> _Short descriptive text snippets_
------------------------------------
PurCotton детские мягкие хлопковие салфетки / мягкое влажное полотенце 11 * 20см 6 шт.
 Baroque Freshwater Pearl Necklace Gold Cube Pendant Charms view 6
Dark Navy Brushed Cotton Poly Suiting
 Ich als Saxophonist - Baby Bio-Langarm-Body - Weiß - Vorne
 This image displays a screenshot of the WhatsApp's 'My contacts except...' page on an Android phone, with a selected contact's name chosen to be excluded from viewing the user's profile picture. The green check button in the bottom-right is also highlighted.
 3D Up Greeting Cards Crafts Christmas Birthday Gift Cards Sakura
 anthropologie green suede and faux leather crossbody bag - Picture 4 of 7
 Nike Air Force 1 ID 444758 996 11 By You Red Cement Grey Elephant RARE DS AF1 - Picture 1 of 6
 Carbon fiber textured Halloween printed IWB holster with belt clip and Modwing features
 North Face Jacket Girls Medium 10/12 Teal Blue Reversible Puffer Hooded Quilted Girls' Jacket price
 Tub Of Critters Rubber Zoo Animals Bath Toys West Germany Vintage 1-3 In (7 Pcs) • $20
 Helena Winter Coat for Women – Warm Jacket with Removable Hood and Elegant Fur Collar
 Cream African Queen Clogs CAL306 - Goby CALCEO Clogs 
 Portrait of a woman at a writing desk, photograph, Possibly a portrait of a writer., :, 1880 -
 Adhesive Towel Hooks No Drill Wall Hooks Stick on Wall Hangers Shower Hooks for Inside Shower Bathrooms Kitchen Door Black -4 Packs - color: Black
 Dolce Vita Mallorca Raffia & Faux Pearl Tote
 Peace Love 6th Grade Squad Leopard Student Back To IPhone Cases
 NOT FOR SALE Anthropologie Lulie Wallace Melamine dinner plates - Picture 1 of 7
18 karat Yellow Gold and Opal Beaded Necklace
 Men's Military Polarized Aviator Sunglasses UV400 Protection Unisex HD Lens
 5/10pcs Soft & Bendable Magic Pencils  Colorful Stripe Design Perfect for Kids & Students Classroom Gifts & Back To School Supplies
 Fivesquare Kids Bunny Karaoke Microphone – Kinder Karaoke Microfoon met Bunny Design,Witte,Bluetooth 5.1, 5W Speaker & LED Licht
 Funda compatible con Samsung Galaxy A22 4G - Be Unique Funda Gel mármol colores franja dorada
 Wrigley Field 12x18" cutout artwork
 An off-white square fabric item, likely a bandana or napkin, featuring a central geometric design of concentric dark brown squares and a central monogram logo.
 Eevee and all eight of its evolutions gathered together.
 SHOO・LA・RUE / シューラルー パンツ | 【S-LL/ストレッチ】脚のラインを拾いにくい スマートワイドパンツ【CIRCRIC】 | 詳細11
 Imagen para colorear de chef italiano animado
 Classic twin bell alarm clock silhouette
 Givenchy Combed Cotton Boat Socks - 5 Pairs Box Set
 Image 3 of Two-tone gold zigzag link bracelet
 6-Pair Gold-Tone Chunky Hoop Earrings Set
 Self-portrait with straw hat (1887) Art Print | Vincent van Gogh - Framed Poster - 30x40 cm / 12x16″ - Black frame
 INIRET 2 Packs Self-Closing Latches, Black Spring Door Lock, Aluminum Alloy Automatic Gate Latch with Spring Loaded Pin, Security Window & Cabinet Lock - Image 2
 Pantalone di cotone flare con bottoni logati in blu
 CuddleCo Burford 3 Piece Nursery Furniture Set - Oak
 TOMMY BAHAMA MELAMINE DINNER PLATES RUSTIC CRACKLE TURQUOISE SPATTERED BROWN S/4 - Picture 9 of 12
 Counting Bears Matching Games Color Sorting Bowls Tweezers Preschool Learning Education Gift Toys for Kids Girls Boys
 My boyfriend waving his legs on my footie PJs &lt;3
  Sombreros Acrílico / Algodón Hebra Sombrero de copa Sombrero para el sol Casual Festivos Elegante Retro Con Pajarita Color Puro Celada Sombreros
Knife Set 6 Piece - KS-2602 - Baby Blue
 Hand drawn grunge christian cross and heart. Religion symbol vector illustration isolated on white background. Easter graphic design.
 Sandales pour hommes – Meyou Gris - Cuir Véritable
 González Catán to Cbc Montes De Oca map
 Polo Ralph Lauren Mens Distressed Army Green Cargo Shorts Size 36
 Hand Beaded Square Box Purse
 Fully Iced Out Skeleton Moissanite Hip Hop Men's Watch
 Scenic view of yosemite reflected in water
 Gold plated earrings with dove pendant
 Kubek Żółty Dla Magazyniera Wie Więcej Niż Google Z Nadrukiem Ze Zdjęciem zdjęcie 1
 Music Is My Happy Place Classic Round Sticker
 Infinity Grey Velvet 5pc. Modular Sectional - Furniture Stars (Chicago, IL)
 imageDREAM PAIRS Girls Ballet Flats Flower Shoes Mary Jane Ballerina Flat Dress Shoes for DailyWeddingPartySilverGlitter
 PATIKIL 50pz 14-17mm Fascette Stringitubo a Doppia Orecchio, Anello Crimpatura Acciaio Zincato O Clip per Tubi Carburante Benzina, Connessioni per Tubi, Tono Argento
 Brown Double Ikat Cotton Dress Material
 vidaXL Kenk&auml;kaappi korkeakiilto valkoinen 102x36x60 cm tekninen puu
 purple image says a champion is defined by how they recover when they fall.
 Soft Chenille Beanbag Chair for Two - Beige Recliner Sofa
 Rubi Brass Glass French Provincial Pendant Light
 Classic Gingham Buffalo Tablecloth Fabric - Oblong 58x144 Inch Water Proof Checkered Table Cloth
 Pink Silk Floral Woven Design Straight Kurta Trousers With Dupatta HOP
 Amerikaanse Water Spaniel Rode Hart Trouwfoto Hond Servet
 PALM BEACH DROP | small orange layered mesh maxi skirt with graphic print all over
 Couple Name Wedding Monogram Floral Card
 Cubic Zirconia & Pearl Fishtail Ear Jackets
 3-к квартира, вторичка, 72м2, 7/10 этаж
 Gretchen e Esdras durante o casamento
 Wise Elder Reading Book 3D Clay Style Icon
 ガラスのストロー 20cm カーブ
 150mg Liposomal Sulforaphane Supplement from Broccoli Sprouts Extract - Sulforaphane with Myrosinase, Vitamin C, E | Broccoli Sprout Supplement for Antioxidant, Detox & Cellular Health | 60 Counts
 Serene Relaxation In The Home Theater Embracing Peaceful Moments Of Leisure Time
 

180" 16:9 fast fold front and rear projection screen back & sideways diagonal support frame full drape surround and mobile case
------------------------------------
> _Work item_
Search the lines above for the string "Classic" and copy each line that has it.

> _Your solution_
 Classic twin bell alarm clock silhouette
 Music Is My Happy Place Classic Round Sticker
 Classic Gingham Buffalo Tablecloth Fabric - Oblong 58x144 Inch Water Proof Checkered Table Cloth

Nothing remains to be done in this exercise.